At some point between 1919 and 1920, Napoleon Morrissey’s decayed body is found in the woods near Little No Horse reservation, shocking the community. Father Damien conducts an investigation and finds that Napoleon has been strangled with a barbed-wire rosary. Later, in a moment of private reflection, the priest deduces that the rosary would have inflicted painful wounds on the hands of the murderer.
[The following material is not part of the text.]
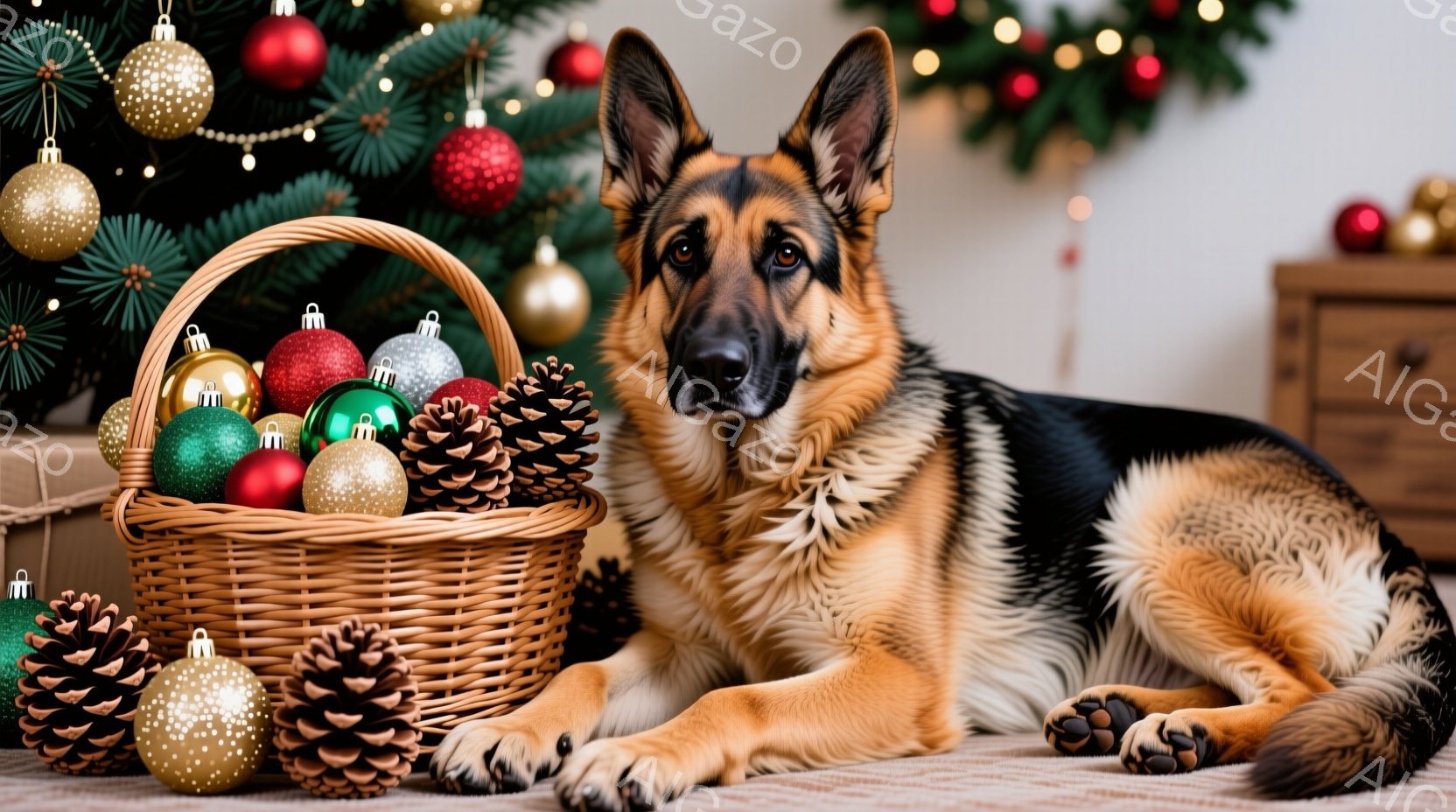 明るい毛並みのジャーマンシェパードが、クリスマスオーナメントと松ぼっくりが入ったバスケットの隣で横たわっています。犬は前足を伸ばし、リラックスした表情でカメラを見つめており、背景にはクリスマスツリーが - AI生成フリー素材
At Napoleon’s funeral service, tensions between opposing tribal factions explode when Margaret Kashpaw arrives and deliberately provokes Bernadette Morissey, Napoleon’s sister, by insinuating that the late Napoleon sexually abused both Mary Kashpaw and Pauline Puyat. This provocation enrages Bernadette, who was in charge of Mary at the time. Bernadette responds with outrage, but in her private thoughts, she acknowledges that her brother did indeed commit those crimes and had once “taken advantage of her too” (165). The funeral erupts into a violent brawl between the Kashpaw/Pillager and Morrissey/Lazarre factions of the Ojibwe community.
Watching the drama unfold in her role as a priest, Agnes sees the turmoil as a test for Father Damien, thinking to herself, “Was her priest to be driven from his own church?” (167). In this moment, she rallies, and Damien dramatically intervenes by leaping onto the coffin and declaring that his behavior is no more disrespectful than that of the entire congregation.